Molecular systems that can function as photoresists are essential for the fabrication of flexible electronics through all‐photolithographic processes. Most of the reported molecular systems for photo‐patterning of polymeric semiconductors contain binary or multi‐components. In comparison, single component semiconducting photoresist is advantageous since it will circumvent the optimization of phase separation and ensure the patterned semiconducting thin films to be more uniform. In this paper, a single component semiconducting photoresist (PDPP4T‐N3) by incorporating azide groups into the branching alkyl chains of a diketopyrrolopyrrole‐based conjugated polymer is reported.
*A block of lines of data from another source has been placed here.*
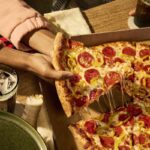 This photo shows a woman's hands pulling a slice from a whole New York-style pizza.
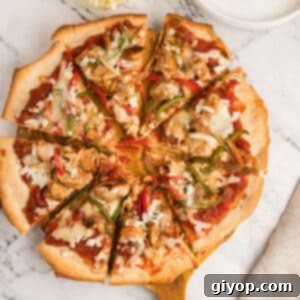 An overhead image of chicken fajita pizza, showing the rich toppings and golden crust.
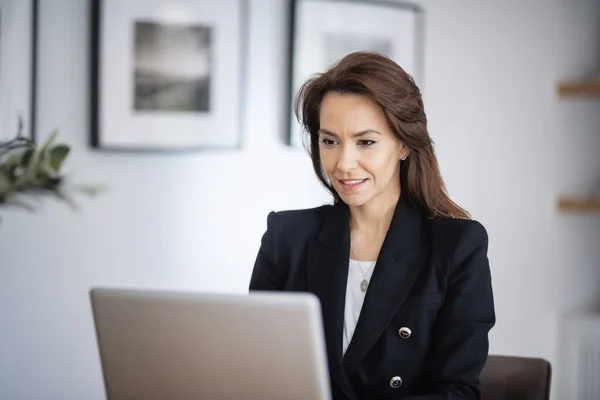 Shot of an attractive business woman using a laptop while working in her home office. Confident female wearing blazer.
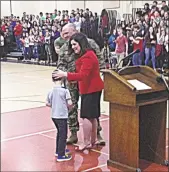  ??  ?? Stotler greets his wife, Michele, and son, James Jr.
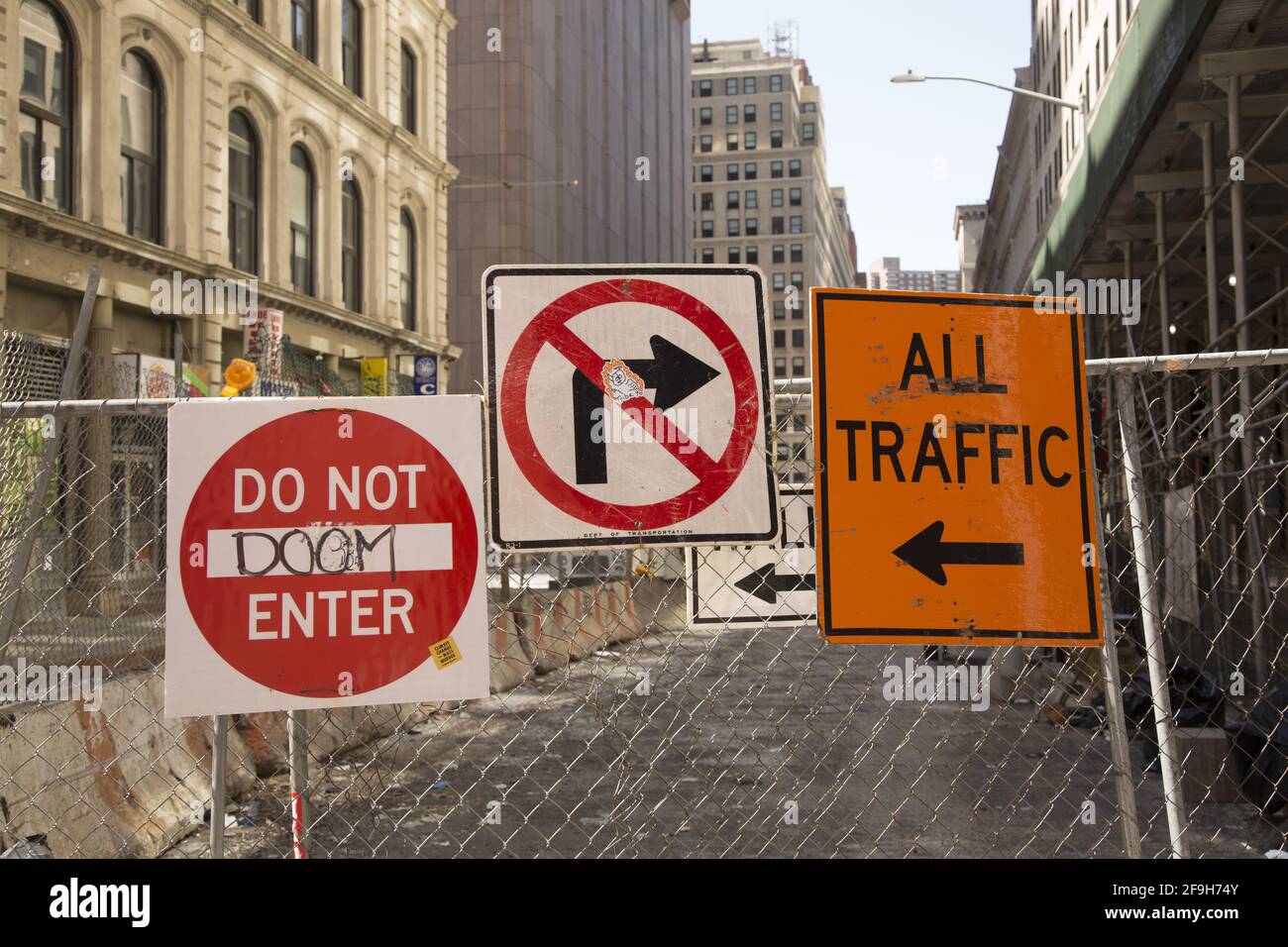Ttraffic signs posted on a fence closing off a cross street off Broadway in downtown Manhattan, New York City. Stock Photo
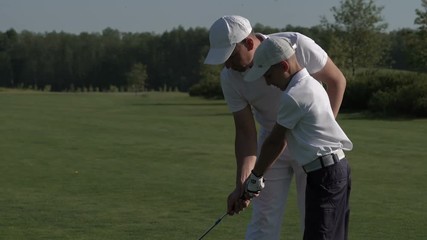 Happy man with his son golfers walking on perfect golf course at summer day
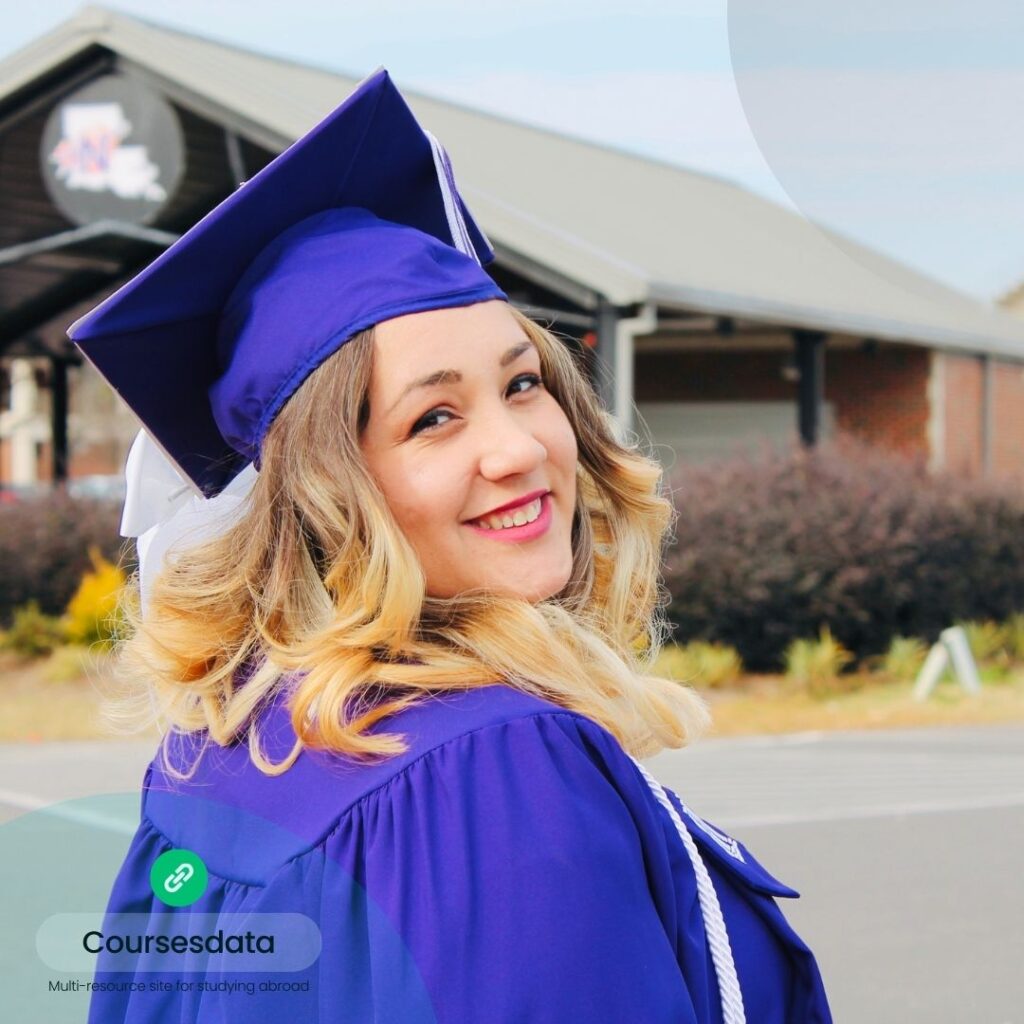 Smiling graduate in cap and gown.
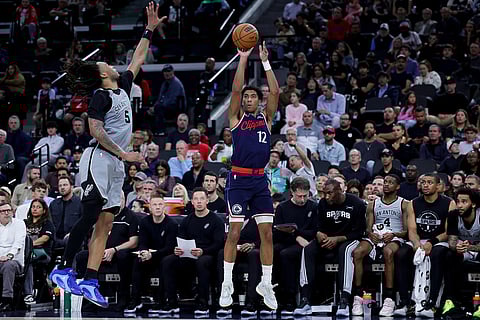 Los Angeles Clippers guard Cam Christie, right, shoots against San Antonio Spurs guard Stephon Castle during the second half of an NBA basketball game in Inglewood, Calif.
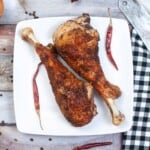 Overhead view of air fryer turkey leg.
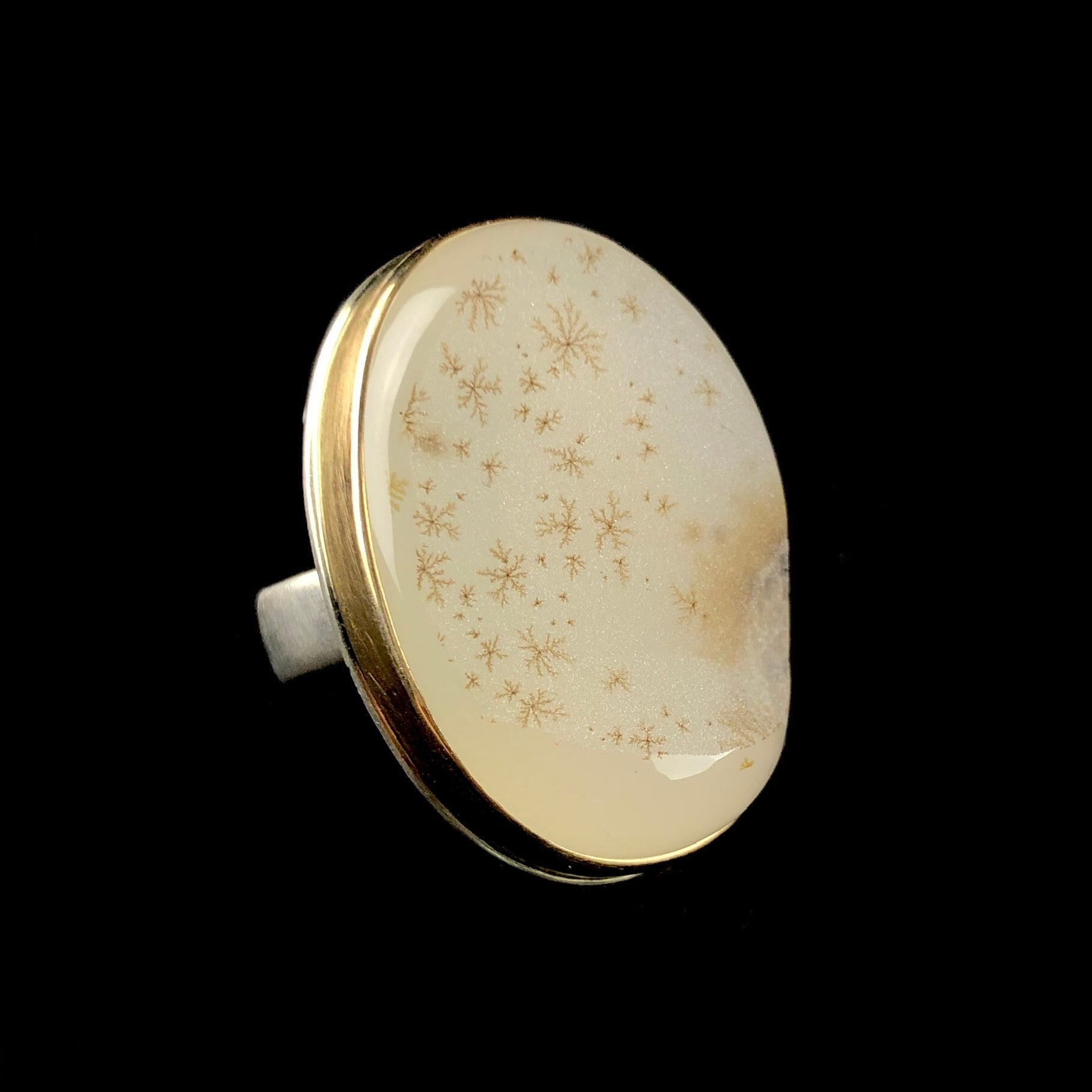 Detail view of crystalline texture of the surface of Dendritic White Drusy Ring
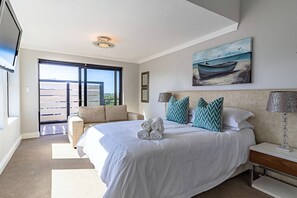 Une chambre d’hôtel avec un grand lit, un canapé, un tableau et une vue sur l’extérieur.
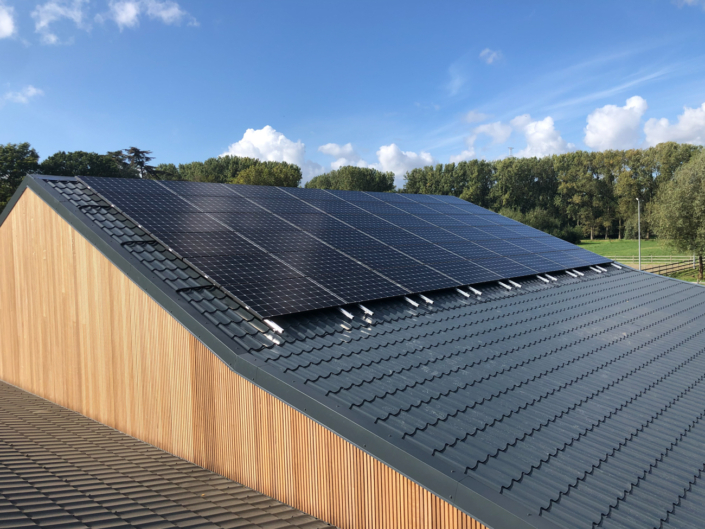 Zonnepanelen op stalen dak van houten bijgebouw tussen het groen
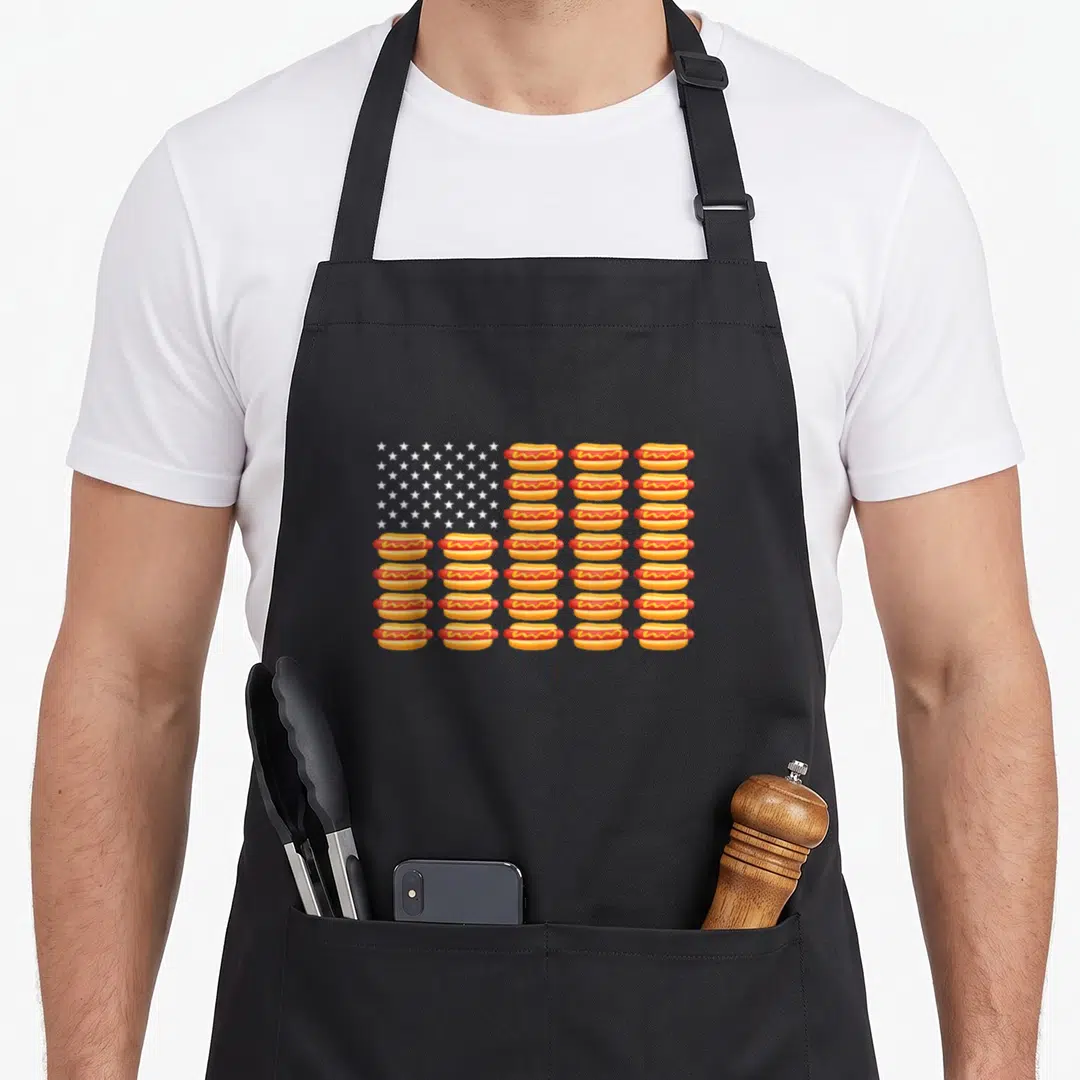 Flag hot dog apron - Cartoon USA flag formed by rows of hot dogs with white stars in blue corner — shown on a black cotton canvas apron against a white background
The results reveal that i) the azide groups make the side chains to be photo‐cross‐linkable; ii) uniform patterns with size as small as 5 µm form under mild UV irradiation (365 nm, 85 mW cm−2) at ambient conditions; iii) such photo‐induced cross‐linking does not affect the inter‐chain packing; iv) benefiting from the single component feature, field‐effect transistors (FETs) with the individual patterned thin films display satisfactorily uniform performances with average charge mobility of 0.61 ± 0.10 cm2 V–1 s–1 and threshold voltage of 3.49 ± 1.43 V. These results offer a simple yet effective design strategy for high‐performance single component semiconducting photoresists, which hold great potentials for flexible electronics processed by all‐photolithography.